'Web 2.0 paljastaa' photo (c) 2011, Janne Ansaharju - license: http://creativecommons.org/licenses/by-nd/2.0/

In yet another attempt to get at the enormous backlog I have of sites worth blogging about, I post a regular feature called “The Week In Web 2.0.” (you might also be interested in The Twenty-Five Best Web 2.0 Applications For Education In 2017 – So Far). I also sometimes include tech tools or articles about them that might not exactly fit the definition of Web 2.0:

We Transfer is a super-easy tool for sending large files to someone. My Theory of Knowledge students love it – when they have to create videos for an assignment, they can use the website or smartphone apps to easily send them to me. They find it easier to use than uploading a video to Google Drive.

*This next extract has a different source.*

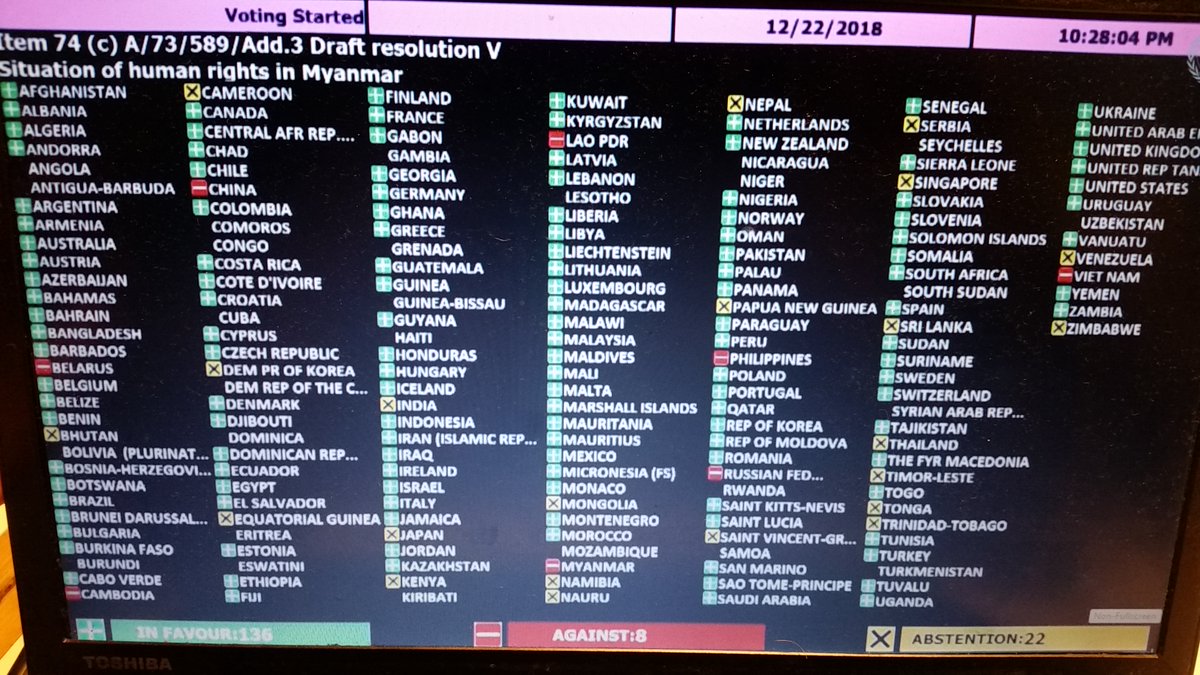 Resolution on Human Rights in Myanmar passes in full UNGA, 136 for, 8 against, 22 abstentions (but with budget for ground transportation of UN Special Envoy cut in half)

I’ve previously posted about the Buncee tool that lets you compose multi-media creations (it’s on The Best Web 2.0 Applications For Education In 2013 list). I’ve learned from David Kapuler that they’ve developed a feature for teachers to create virtual classrooms at a cost of $100 per year. I’m adding it to The Best Sites That Students Can Use Independently And Let Teachers Check On Progress.

Richard Byrne now has 500 videos on his YouTube Channel teaching how to use different web tools. I’m adding it to The Best Places To Learn Web 2.0 Basics, which I have to revise and update one of these days.

Richard Byrne has also posted Six Types of Classroom Video Projects – And 18 Video Creation Tools. I’m adding it to A Potpourri Of The Best & Most Useful Video Sites.

Muro is a simple online drawing tool.  I’m adding it to The Best Art Websites For Learning English.

Culture Street lets you make and save comic strips online. I’m adding it to The Best Ways To Make Comic Strips Online.